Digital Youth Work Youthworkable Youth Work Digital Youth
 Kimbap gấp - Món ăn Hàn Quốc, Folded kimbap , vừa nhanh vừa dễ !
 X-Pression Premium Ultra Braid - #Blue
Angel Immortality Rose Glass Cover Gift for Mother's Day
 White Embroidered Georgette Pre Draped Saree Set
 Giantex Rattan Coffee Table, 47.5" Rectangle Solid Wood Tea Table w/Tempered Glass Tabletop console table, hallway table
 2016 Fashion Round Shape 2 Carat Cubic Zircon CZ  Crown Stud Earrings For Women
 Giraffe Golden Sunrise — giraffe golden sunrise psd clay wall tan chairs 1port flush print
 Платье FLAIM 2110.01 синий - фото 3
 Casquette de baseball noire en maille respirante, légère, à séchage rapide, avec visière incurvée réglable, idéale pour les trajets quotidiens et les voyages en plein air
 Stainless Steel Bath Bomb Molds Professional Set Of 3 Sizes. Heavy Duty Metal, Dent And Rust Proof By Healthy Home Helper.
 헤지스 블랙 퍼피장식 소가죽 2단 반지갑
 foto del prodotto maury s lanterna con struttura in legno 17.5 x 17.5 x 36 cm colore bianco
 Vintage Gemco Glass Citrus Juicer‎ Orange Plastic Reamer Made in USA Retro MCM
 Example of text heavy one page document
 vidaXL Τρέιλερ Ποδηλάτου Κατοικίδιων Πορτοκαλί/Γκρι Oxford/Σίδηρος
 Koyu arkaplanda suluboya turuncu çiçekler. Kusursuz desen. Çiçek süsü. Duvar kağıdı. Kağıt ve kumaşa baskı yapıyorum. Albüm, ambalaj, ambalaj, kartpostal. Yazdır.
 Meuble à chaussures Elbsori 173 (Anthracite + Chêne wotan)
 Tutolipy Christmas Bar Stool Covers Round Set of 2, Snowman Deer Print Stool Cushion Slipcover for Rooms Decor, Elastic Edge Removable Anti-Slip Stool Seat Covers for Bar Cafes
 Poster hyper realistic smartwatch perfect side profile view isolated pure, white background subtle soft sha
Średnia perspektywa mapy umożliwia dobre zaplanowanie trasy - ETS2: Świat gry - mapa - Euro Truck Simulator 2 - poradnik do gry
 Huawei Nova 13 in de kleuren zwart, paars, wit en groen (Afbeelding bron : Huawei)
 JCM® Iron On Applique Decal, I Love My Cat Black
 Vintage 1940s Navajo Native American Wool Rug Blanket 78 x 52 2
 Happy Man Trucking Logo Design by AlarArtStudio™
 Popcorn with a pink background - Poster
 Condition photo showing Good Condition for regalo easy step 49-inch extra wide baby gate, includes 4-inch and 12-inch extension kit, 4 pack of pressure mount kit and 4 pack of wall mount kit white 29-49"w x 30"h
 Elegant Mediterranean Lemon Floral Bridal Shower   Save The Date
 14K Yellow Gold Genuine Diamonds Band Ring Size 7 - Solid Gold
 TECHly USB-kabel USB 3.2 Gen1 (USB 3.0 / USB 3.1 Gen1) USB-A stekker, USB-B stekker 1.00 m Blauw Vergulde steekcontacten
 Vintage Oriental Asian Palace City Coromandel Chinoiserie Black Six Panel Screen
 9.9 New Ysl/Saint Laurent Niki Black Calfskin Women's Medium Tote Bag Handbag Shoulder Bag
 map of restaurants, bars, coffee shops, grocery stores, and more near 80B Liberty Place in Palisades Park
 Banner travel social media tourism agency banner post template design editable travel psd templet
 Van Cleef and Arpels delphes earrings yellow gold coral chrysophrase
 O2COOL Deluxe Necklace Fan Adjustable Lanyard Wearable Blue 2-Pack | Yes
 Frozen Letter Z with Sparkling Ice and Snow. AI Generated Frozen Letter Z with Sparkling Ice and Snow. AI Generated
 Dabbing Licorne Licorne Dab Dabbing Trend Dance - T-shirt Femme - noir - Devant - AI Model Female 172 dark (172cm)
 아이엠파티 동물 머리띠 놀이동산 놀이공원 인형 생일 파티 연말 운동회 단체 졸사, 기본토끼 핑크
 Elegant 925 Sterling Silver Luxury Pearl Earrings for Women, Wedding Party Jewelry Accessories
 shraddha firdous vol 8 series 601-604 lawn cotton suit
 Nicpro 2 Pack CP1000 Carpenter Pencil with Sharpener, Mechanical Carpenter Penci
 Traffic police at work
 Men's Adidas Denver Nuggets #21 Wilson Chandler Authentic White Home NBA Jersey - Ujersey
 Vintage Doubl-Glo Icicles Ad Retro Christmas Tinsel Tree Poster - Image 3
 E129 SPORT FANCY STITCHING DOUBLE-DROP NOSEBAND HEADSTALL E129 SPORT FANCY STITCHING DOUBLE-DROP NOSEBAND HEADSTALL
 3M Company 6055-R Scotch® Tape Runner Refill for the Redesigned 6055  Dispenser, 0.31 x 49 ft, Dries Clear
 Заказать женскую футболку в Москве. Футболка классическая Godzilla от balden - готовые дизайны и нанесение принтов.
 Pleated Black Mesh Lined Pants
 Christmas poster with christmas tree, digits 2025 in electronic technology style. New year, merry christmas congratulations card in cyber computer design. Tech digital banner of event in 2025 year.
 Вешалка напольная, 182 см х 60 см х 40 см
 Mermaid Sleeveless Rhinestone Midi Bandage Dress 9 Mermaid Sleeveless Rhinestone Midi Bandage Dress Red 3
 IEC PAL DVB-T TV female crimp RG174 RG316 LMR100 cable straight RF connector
◆ ◆ ◆
# [Work instructions]
Among the entries above, find the line with "Happy Man Trucking" and the line with "Popcorn with a pink background - Poster"; give again exactly these two lines and all lines between them.

# [Solution below]
 Happy Man Trucking Logo Design by AlarArtStudio™
 Popcorn with a pink background - Poster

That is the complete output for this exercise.